El debut del panameño Paolo Espino en el béisbol de las Grandes Ligas fue en una tarde de “pura emoción”. El diestro de 30 años cumplió una de sus metas este viernes con los Cerveceros, después de estar cerca de 10 años en las categorías menores.
Espino, quien es el istmeño número 58 en jugar en las Mayores, salió sin decisión ante los Cachorros de Chicago, pero su equipo de Milwaukee al final se llevó la victoria 6-3.
“Fue pura emoción. Estuve esperando por esta oportunidad por tanto tiempo”, afirmó Espino después del partido del viernes en un reporte de los Cerveceros en su página web.
Y no era para menos. Además de la larga espera, la emoción era mayor por la presencia en las gradas de su padre Alex, quien viajó desde Panamá a Chicago, la noche del jueves, para verlo lanzar. Además, su esposa Leslie se trasladó desde Colorado con su hija, para también verlo tirar, reportaron los Cerveceros.
“Nunca me rendí. También tengo el apoyo de mi familia, mis amigos; siempre han estado ahí. Es increíble, esa es la clave, toda esa gente apoyando y ayudando en mi carrera. Estoy feliz, emocionado y nunca lo olvidaré”, enfatizó Espino.
REACCIONES
Espino, quien es profesional desde 2007, llegó a la categoría Triple A en 2010, cuando militaba con la organización de los Indios de Cleveland y desde entonces estaba esperando por esa soñada oportunidad de jugar en las Grandes Ligas.

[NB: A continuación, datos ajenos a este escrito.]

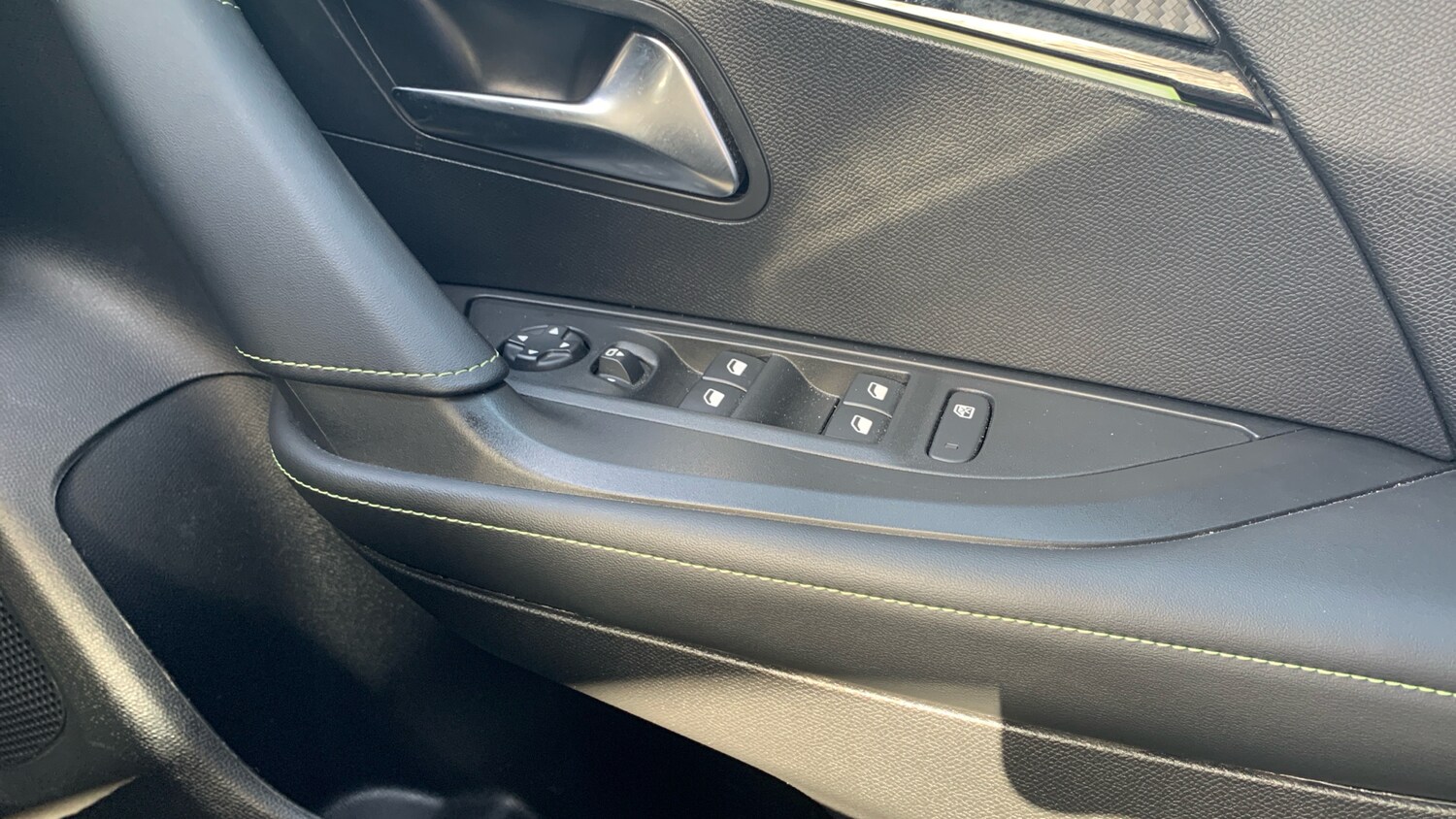 Used Peugeot 2008 2025 for sale - 78206010: Photo 22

“Él se lo ha ganado, es el resultado final. Lanzó de tal manera para tener una oportunidad como esta”, afirmó el técnico de los Cerveceros Craig Counsell.
El mánager de Milwaukee comentó que recibió varios mensajes de texto de personas que han estado en contacto con Espino o entrenado con él, y que están contentas por este logro.
“Se lo ha ganado por la forma en que ha lanzado. No estamos en el negocio de repartir oportunidades por dar oportunidades. Estamos en el negocio de dar oportunidades a personas que creemos que pueden ayudarnos a ganar partidos de béisbol", afirmó el gerente general de los Cerveceros David Stearns.
Espino fue enviado de vuelta a Triple A la noche de este sábado.
Ante los Chorros el viernes, lanzó cuatro episodios, tolerando cinco imparables, tres carreras (dos limpias), no dio base por bolas y ponchó a tres.